[Records excerpted from a collection]
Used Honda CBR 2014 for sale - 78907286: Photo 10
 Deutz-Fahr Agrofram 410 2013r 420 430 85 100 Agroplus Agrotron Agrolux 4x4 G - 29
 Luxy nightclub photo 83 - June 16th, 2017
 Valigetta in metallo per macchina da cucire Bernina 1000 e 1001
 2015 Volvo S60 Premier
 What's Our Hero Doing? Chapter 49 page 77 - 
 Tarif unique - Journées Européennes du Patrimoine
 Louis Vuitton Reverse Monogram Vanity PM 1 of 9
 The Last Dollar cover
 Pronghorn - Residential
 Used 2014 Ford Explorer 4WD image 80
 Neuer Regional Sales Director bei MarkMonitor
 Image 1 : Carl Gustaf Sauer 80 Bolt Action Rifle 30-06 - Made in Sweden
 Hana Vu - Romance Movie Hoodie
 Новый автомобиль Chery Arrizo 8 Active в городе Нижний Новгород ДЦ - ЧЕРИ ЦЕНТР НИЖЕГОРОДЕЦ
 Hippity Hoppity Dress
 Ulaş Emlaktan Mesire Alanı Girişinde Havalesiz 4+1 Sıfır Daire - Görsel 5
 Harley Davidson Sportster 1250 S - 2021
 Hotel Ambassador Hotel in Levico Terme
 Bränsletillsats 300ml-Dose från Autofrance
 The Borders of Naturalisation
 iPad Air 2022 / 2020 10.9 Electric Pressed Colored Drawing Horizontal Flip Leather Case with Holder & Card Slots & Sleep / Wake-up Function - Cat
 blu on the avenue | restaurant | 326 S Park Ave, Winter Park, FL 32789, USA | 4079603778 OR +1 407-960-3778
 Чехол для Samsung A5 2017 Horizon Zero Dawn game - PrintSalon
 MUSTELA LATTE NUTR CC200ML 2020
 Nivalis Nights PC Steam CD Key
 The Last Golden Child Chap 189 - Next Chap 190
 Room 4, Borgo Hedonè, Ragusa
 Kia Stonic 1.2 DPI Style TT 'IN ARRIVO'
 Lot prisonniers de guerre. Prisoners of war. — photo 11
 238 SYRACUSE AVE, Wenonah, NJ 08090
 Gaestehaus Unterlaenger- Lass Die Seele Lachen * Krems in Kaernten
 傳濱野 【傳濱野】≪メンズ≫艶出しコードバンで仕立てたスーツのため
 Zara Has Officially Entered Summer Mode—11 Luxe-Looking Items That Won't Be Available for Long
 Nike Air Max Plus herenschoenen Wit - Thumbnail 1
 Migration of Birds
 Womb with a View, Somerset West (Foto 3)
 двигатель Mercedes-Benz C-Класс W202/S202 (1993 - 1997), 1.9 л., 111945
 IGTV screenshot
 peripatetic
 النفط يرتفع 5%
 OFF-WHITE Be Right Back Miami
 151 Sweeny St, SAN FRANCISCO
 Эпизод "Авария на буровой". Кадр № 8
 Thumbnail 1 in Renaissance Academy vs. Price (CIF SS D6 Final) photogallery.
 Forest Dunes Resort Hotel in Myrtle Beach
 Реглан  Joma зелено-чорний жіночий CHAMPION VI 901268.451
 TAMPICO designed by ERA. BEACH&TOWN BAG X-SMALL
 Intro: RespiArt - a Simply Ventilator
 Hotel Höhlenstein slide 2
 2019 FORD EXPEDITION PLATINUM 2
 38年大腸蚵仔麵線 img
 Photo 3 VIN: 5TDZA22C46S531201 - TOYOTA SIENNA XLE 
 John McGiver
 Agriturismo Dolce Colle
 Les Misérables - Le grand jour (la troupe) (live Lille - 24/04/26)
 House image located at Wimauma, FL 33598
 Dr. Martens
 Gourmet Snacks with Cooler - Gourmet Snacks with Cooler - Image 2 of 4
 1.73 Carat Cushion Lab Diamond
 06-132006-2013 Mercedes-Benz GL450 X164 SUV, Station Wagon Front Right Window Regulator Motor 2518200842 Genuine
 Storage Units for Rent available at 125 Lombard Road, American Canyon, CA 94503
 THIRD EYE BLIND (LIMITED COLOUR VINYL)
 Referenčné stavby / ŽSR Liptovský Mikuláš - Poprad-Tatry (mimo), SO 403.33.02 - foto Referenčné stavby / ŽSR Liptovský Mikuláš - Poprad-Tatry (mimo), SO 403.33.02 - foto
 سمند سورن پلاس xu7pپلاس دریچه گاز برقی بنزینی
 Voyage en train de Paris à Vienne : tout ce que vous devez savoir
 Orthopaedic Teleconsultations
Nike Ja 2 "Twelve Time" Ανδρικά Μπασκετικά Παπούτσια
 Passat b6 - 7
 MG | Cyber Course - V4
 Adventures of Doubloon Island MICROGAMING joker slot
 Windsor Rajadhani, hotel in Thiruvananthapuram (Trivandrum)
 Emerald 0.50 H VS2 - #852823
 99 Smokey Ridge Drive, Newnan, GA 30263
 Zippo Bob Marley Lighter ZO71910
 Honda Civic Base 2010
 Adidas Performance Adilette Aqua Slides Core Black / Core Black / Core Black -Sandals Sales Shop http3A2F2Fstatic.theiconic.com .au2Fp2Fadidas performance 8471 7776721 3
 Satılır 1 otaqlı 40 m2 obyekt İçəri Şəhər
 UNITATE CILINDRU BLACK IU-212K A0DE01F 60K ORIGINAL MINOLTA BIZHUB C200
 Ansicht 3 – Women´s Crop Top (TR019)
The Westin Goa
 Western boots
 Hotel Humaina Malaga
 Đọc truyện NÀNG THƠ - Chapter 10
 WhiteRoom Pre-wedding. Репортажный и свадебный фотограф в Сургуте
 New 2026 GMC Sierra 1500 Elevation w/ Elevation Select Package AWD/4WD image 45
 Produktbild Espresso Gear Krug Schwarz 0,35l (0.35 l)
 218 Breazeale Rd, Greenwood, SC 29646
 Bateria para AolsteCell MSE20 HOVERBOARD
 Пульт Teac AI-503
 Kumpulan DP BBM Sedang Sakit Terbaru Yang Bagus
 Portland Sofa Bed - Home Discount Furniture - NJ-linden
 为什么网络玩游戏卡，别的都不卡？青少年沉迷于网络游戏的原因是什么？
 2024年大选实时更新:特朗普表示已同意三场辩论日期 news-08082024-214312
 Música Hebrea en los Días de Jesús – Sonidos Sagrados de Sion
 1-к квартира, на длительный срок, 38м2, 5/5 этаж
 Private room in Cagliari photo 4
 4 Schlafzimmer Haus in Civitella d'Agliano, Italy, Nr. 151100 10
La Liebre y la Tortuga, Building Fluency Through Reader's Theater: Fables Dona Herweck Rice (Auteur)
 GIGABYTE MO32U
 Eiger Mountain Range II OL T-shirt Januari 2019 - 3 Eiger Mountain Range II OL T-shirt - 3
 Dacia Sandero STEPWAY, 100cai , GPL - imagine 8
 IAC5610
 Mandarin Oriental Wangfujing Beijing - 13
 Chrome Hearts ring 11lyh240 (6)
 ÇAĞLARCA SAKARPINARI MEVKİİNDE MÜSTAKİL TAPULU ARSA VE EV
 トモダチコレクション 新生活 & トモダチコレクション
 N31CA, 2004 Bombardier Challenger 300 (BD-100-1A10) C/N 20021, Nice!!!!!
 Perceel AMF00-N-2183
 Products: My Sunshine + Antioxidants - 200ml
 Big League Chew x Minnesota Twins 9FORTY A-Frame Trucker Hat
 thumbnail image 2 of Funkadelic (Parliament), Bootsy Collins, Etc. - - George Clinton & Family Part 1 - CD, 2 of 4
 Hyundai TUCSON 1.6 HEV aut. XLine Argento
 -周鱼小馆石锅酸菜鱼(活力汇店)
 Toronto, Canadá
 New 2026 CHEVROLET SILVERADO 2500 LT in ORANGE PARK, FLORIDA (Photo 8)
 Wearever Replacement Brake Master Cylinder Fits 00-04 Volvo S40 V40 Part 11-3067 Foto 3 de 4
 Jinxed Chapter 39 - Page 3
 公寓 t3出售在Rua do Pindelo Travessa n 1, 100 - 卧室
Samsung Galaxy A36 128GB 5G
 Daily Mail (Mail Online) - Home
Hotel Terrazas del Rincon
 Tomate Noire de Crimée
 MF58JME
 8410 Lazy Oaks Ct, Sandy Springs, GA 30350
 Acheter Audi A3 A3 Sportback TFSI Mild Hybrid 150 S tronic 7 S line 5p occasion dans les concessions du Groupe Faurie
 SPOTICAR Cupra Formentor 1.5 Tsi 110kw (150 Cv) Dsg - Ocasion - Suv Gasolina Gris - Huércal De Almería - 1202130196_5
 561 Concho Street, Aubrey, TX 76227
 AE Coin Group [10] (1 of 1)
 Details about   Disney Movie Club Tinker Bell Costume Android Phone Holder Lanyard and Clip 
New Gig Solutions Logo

TASK TO CARRY OUT: When a line of the entries contains "Chapter", it counts; say how many such lines there are, and nothing more.

FINISHED EXERCISE: 3